◆ INSTRUCTIONS TO FOLLOW ◆
Since the listing below shows pictures, leave them out and write out exactly the lines from the line with "Staining of human" to the line with "Kesilmekten kurtardığı horozla 'dost' oldu", both included, and no others.

◆ RECORD SET ◆
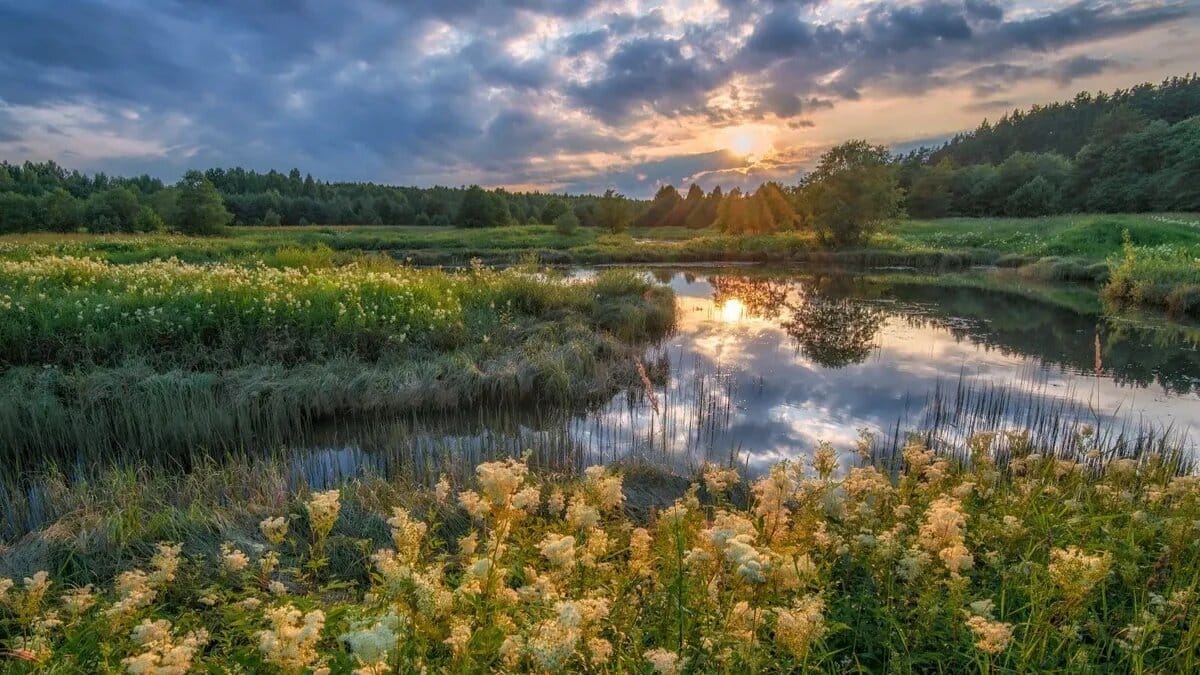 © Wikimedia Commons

...

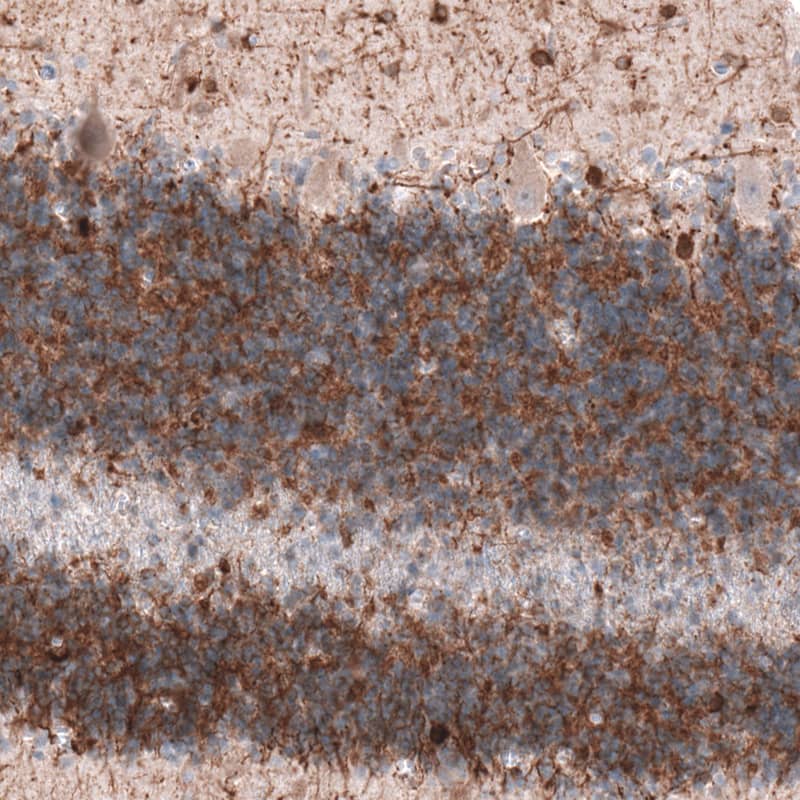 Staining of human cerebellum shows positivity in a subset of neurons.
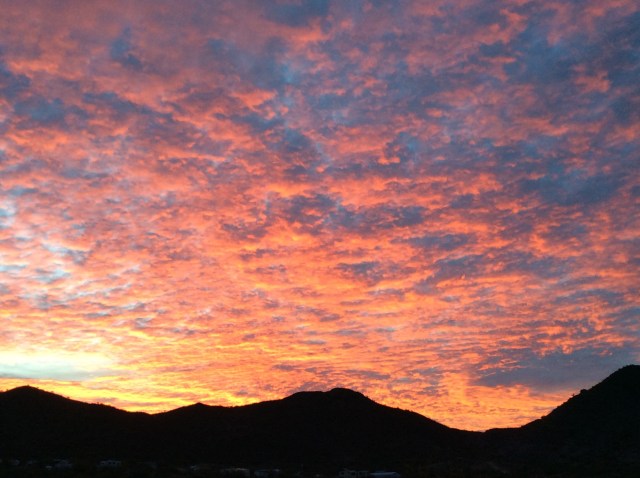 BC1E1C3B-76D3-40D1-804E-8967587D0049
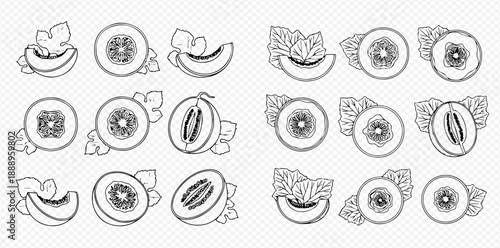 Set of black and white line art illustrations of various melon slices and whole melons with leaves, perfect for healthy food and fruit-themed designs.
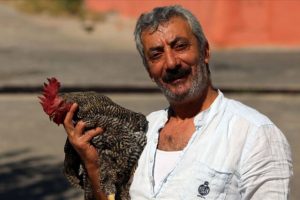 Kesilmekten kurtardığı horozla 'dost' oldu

* * *

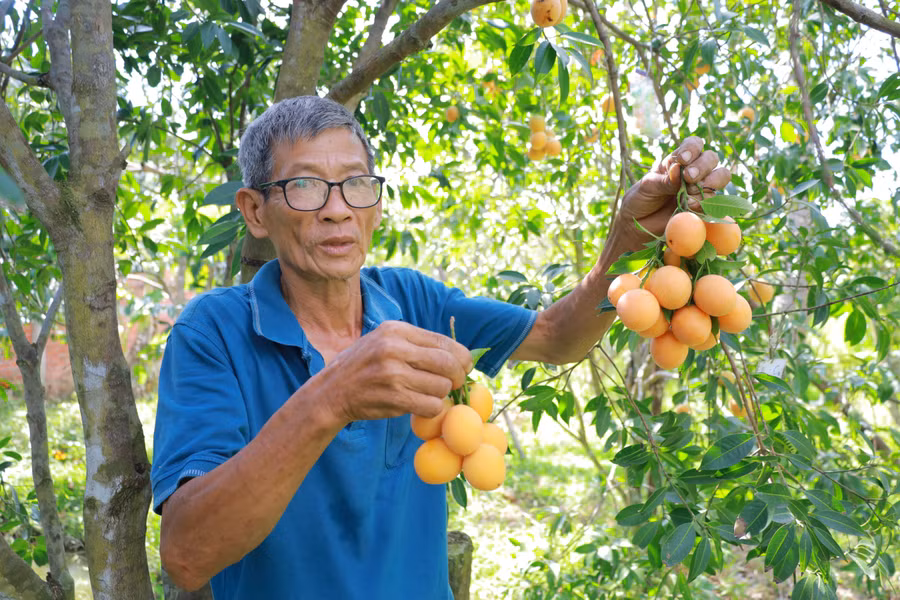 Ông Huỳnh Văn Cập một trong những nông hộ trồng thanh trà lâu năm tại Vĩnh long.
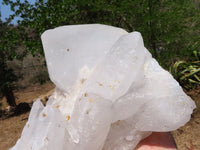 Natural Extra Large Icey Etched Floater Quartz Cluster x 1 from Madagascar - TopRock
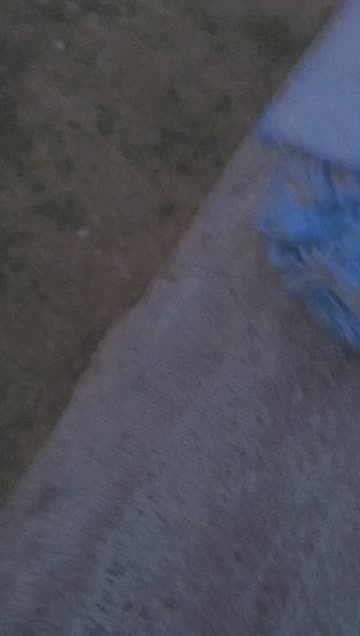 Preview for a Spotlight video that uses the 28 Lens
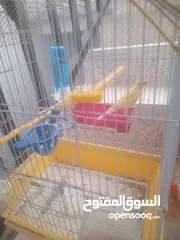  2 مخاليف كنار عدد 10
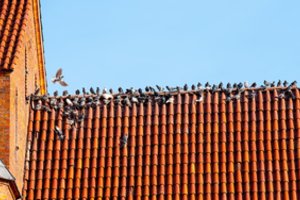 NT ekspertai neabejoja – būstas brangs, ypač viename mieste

◆ TASK ANSWER ◆
 Staining of human cerebellum shows positivity in a subset of neurons.
 BC1E1C3B-76D3-40D1-804E-8967587D0049
 Set of black and white line art illustrations of various melon slices and whole melons with leaves, perfect for healthy food and fruit-themed designs.
 Kesilmekten kurtardığı horozla 'dost' oldu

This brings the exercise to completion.